How to Extract Domain from URL in Pandas
In this short guide, I'll show you how to extract domain from a URL column in Pandas DataFrame. You can also find how to extract netloc, schema, path, params. So at the end you will get:
['https://www.datascientyst.com/cheatsheet','https://www.softhints.com/python']
to:
0 (https, www.datascientyst.com, /cheatsheet, , , )
1 (https, www.softhints.com, /python, , , )
Name: urls, dtype: object
or extracting only domains:
0 www.datascientyst.com
1 www.softhints.com
Name: urls, dtype: object
Setup
Let's have DataFrame with URL column from which we will extract list of domains:
import pandas as pd
data = {'urls': ['https://www.datascientyst.com/cheatsheet','https://www.softhints.com/python']}
df = pd.DataFrame(data)
DataFrame looks like:
urls | |
---|---|
0 | https://www.datascientyst.com/cheatsheet |
1 | https://www.softhints.com/python |
Step 1: Extract domain from URL - urlparse
First way to extract domain from URL in Python is library - urlparse
:
from urllib.parse import urlparse
df['urls'].apply(urlparse)
This will extract all information as Series of tuples:
0 (https, www.datascientyst.com, /cheatsheet, , , )
1 (https, www.softhints.com, /python, , , )
Name: urls, dtype: object
To extract only the netloc or the domain we can use:
df['urls'].apply(lambda x: urlparse(x)[1])
extracted netloc-s from the URL column:
0 www.datascientyst.com
1 www.softhints.com
Name: urls, dtype: object
We can extract the full ParseResult from the urlparse library by:
df['paths'] = df['urls'].apply(lambda x: urlparse(x))
df['paths'].to_dict()
result is full URL information:
{0: ParseResult(scheme='https', netloc='www.datascientyst.com', path='/cheatsheet', params='', query='', fragment=''),
1: ParseResult(scheme='https', netloc='www.softhints.com', path='/python', params='', query='', fragment='')}
Step 2: Extract domain from URL - regex
We can use regular expression in order to extract patterns from the URL columns.
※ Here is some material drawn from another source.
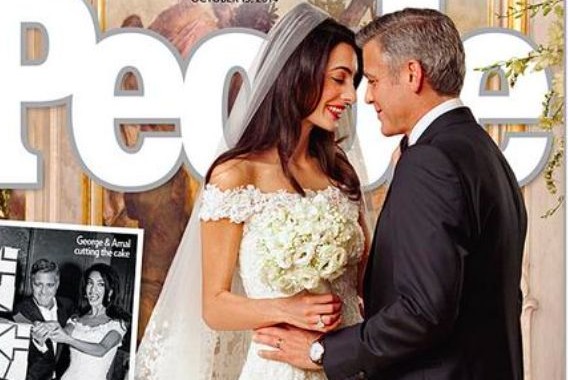 Первые фото со свадьбы Джорджа Клуни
Pandas offers .str.extract
method:
df['urls'].str.extract(r'https://(.*)/')
would extract the domains plus the subdomains if any:
0 | |
---|---|
0 | www.datascientyst.com |
1 | www.softhints.com |
Or we can match up to symbol without extracting the symbol. In this case we will search for anything until we match char t
:
df['urls'].str.extract(r'(https.*)(?:t)').head()
result:
0 | |
---|---|
0 | https://www.datascientyst.com/cheatshee |
1 | https://www.softhints.com/py |
Conclusion
We saw two different ways how to parse URL information with Python and Pandas.
We can extract from Pandas DataFrame information like:
- scheme='https'
- netloc='www.datascientyst.com'
- path='/cheatsheet'
- params=''
- query=''
- fragment=''